Think about it this way, if you were a size player and you had written (sold) a boat load of puts on a stock to collect the premium, and this stock was starting to trade below the strike price, what would you do? Well, in order not to lose money on those puts you sold you could simply buy the stock all day long holding the price just above the strike price until the end of the day. At the end of this day the options expire and ‘go out’ worthless and you get to keep the put premiums that you collected.
Fast forward to the following Monday – i.e. today; Now you have to sell all that stock you bought protecting your put writing exposure and everything else you were protecting last Friday when the market barely moved and this results in…
Dow Jones Industrials down 200.72 (-2.35%, 8339.01), The S&P 500 was hit for 28.19 points (-3.06%, 893.04) and the Nasdaq down 29.17 (-2.00%, 1426.61).
Leading the market to the downside was once again the energy (-6.01%) and the financial sectors (-5.93%). This pattern of energy and financials leading to the downside should come as no surprise as these two sectors were top upside performers during the rally of the past few months. Traders and investors alike are selling and taking profits from this rally which is bringing a lot of long selling onto the market and hammering the indexes lower. Today EVERY sector traded lower showing traders liquidating positions across the board. Hello volatility!
Checking in on the bank stocks in the news on the way up and now on the way down; Goldman Sachs (NYSE: GS) -$6.12 (-4.3%, $137.01), Morgan Stanley (NYSE: MS) -$1.64 (-5.8%, $26.63), Citigroup (NYSE: C) -$0.17 (-5.4%, $3.00) and Bank of America (NYSE: BAC) -$1.28 (-9.68%, $11.94).
Since the market opened and people like me started writing commentary we have all been trying to connect the dots and give reasons as to why the market goes up or down each day. Fact is, there is always more than one reason (well, almost always) and into the mix today was the World Bank coming out and lowering GDP rates worldwide as well as lengthening their view of how long this recession is going to last. This worldwide decreasing view in economic activity caused oil to drop $2.62 a barrel closing at $66.93 as well as sparking a rout in the commodities pits around the horn. Gold dropped $12.20 and was trading at $921.50 at 4:09 pm.m est, copper was off 5.55%, and in the non-metals corn led the ’softs’ lower dropping 3.34%.

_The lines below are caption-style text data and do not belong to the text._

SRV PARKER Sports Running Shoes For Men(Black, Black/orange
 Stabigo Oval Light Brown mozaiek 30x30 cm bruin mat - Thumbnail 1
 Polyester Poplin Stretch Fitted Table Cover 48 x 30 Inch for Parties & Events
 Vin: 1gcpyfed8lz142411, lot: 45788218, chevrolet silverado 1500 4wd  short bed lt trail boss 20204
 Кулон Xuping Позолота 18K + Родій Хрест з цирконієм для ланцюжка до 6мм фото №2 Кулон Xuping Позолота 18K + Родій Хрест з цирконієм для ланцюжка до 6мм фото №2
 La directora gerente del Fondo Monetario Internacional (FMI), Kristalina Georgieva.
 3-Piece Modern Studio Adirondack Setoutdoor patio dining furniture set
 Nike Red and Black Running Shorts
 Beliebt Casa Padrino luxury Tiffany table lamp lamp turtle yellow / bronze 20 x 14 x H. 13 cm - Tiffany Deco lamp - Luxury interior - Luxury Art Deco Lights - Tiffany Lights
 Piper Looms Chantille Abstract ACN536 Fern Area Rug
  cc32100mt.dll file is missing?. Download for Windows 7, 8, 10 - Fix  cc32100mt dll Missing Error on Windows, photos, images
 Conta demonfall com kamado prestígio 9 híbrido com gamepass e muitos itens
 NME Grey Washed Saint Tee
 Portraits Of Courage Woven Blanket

After the rapid rally off our March lows it seems the cacophony of commentators calling this a bull market rally in a secular bear market can be right today as the peak of two Thursday’s ago is further and further into the rear-view mirror and the market is now off 6.07% from the rally intra-day high trade of 8877.93.
Technically speaking the Dow traded down to, and closed below it’s 50 day exponential moving average which is at 8382 (Dow close 8339). This is a very closely watched moving average among the technical trading group with a Dow close below this level again tomorrow the technical traders will be selling their longs and getting short left and right. As far as other indicators go, the action seems to be to the downside with the index’s most recent up trend line now solidly broken and most the market oscillators pointing downwards.
On Tuesday we get housing numbers and same store sales as well as the beginning of a two day Fed meeting with their announcement expected Wednesday at 2:15 pm. With unemployment high and climbing no one expects the Fed to increase rates and, again, with unemployment numbers this high I would not expect any ‘green shoots’ in the economic numbers any time soon.
Witch into the Ditch and look out below!